= ABOUT THIS EXERCISE =
Extract the records below word for word and ignore the images.

= DATA FOR REVIEW =
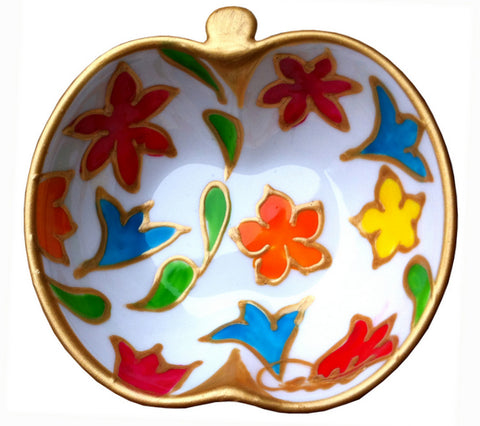 Apple Dish (9cm) - Hand Painted Bone China, gift boxed - BOUQUET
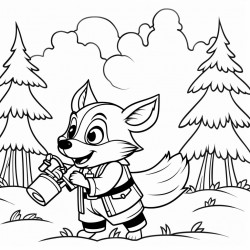 fox in the forest putting out fires with a fire hose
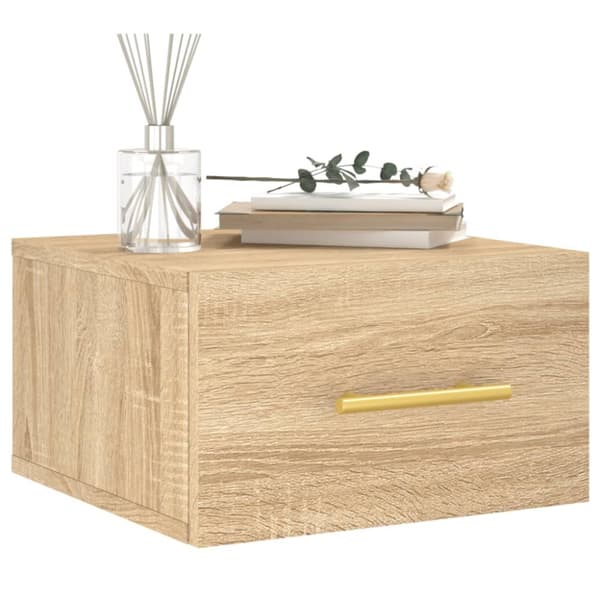 Opbevaringsskabe - Living væghængt sengebord 35x35x20 cm sonoma-eg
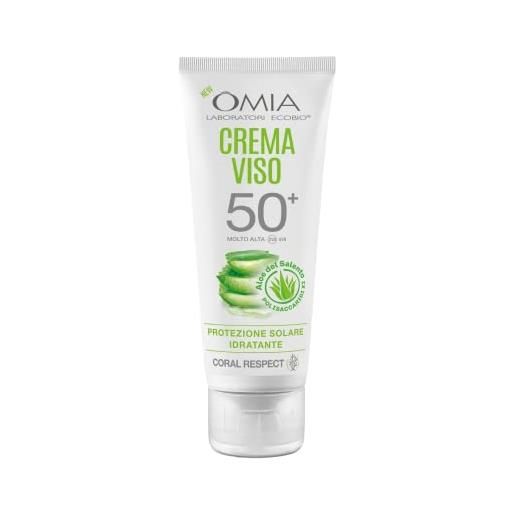 Omia - crema solare protettiva viso spf50 con aloe vera del salento, protezione solare alta, per pelli chiare e sensibili al sole, dermatologicamente testato, flacone da 50 ml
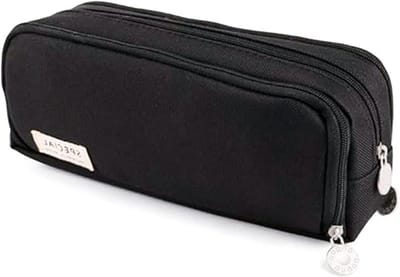 Grote Etui - Opbergtas Pennenhouder - School Kantoor - Drie Vakken - 23.5 cm Lengte - Zwart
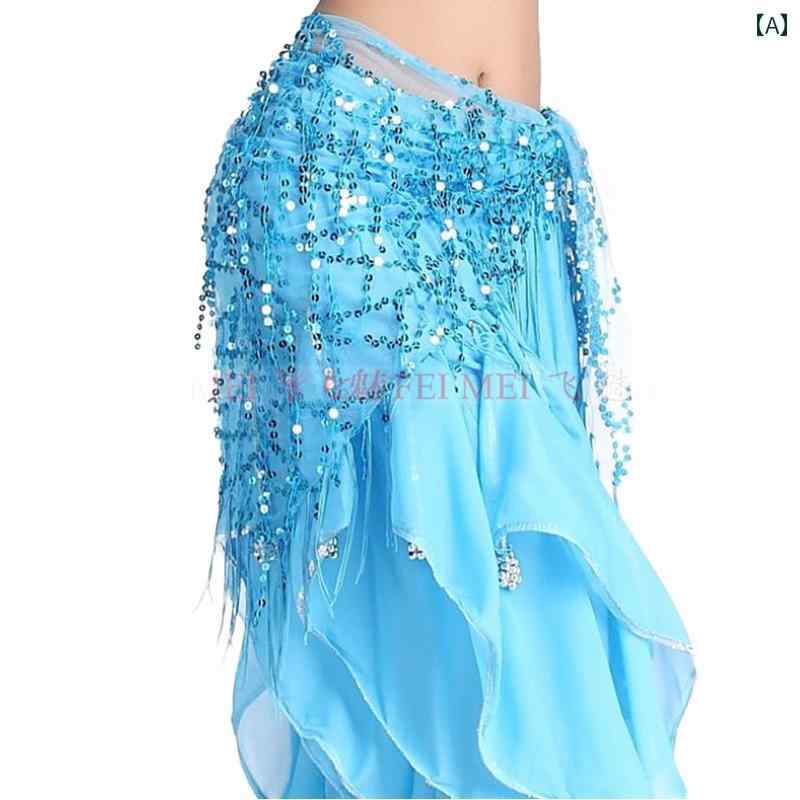 ベリーダンス レディース ヒップスカーフ スパンコール キラキラ タッセル フリンジ メッシュ シースルー 三角 ウエストベルト 腰飾り レッスン 練習着 衣装...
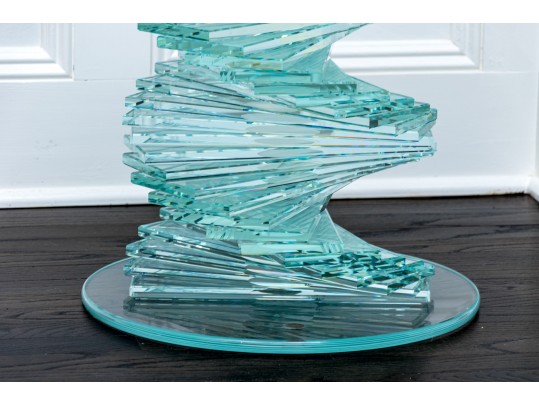 Set Of Two Exceptional Glass Pedestal Tables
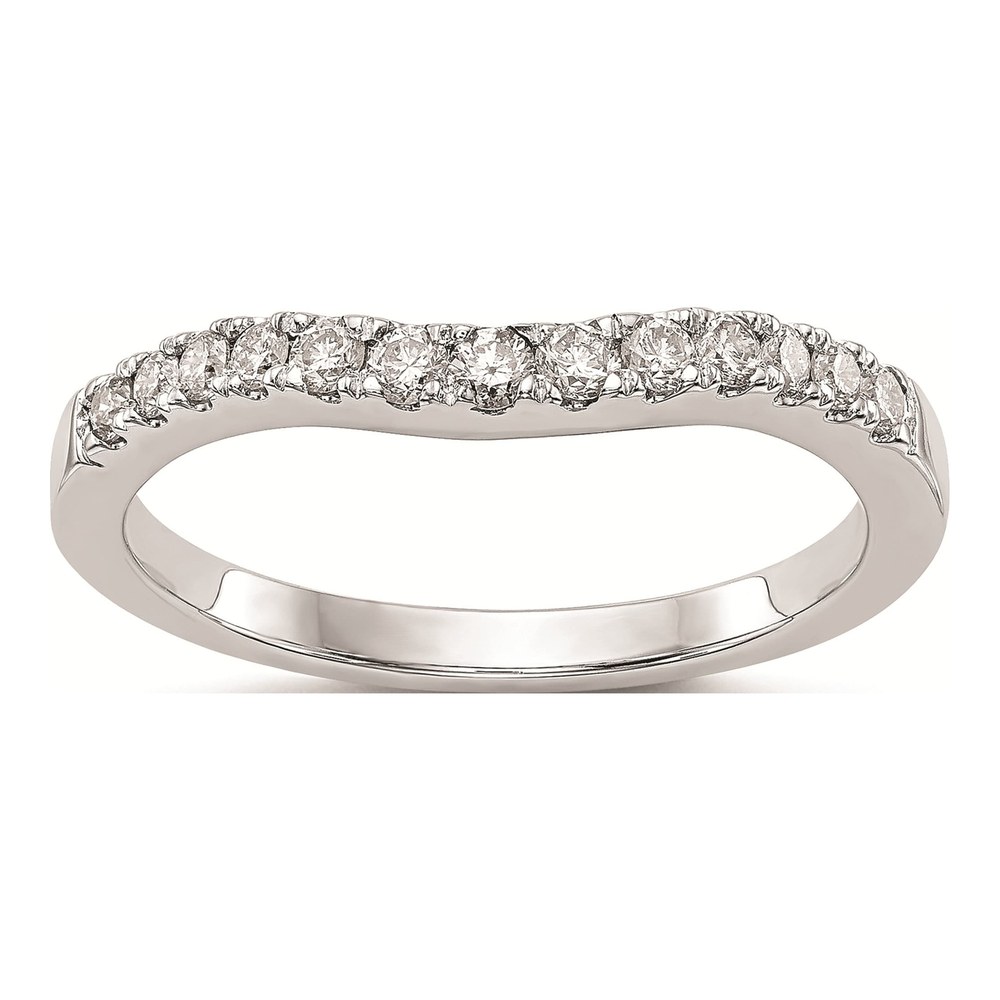 14K White Gold Diamond Contoured Wedding Band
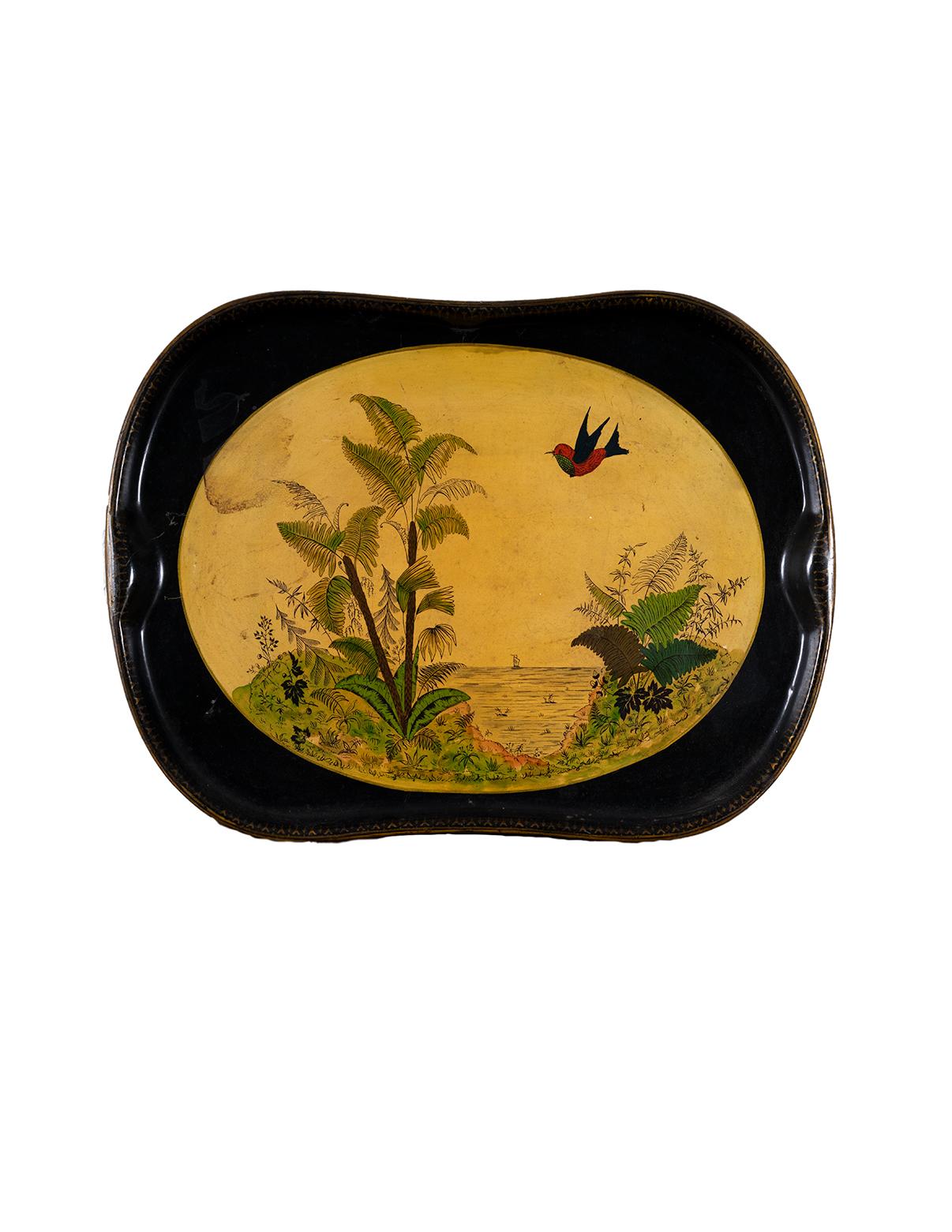 French Art Nouveau Metal Tray Acid Painting 1900s For Sale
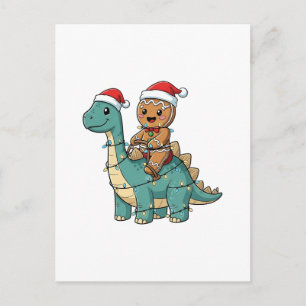 Invitation Carte Postale Pain d'épice chevauchant un dinosaure Santa Noël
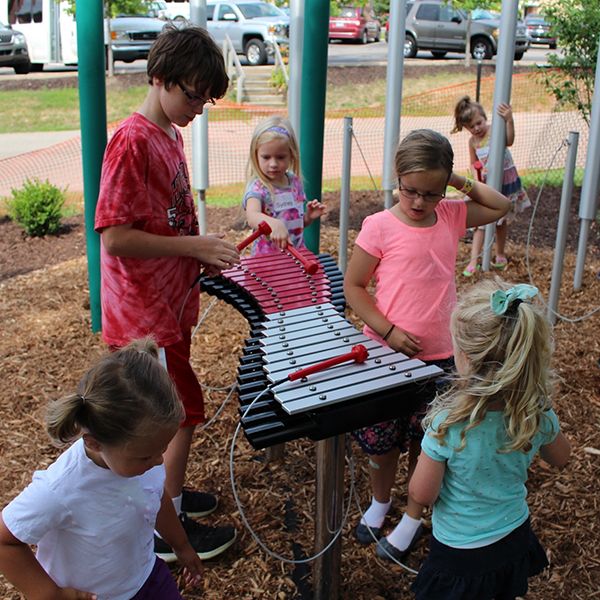 a group of children at the children's healing center standing around the new outdoor xylophone in the garden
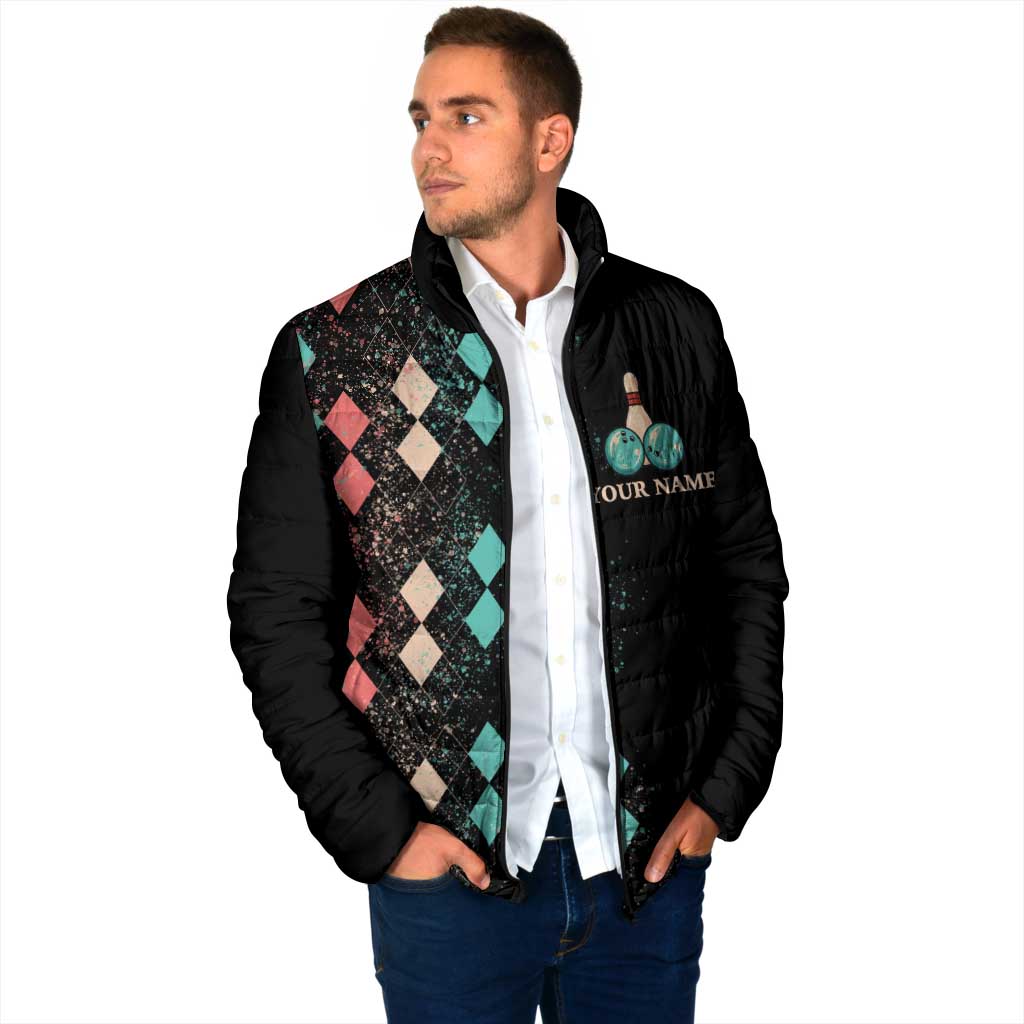 Custom Bowling Balls Padded Jacket with Does This Shirt Make My Balls Look Big Quote and Retro Argyle Pattern - Wonder Print Shop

= RESPONSE TO THIS TASK =
 Apple Dish (9cm) - Hand Painted Bone China, gift boxed - BOUQUET
 fox in the forest putting out fires with a fire hose
 Opbevaringsskabe - Living væghængt sengebord 35x35x20 cm sonoma-eg
 Omia - crema solare protettiva viso spf50 con aloe vera del salento, protezione solare alta, per pelli chiare e sensibili al sole, dermatologicamente testato, flacone da 50 ml
 Grote Etui - Opbergtas Pennenhouder - School Kantoor - Drie Vakken - 23.5 cm Lengte - Zwart
 ベリーダンス レディース ヒップスカーフ スパンコール キラキラ タッセル フリンジ メッシュ シースルー 三角 ウエストベルト 腰飾り レッスン 練習着 衣装...
 Set Of Two Exceptional Glass Pedestal Tables
 14K White Gold Diamond Contoured Wedding Band
 French Art Nouveau Metal Tray Acid Painting 1900s For Sale
 Invitation Carte Postale Pain d'épice chevauchant un dinosaure Santa Noël
 a group of children at the children's healing center standing around the new outdoor xylophone in the garden
 Custom Bowling Balls Padded Jacket with Does This Shirt Make My Balls Look Big Quote and Retro Argyle Pattern - Wonder Print Shop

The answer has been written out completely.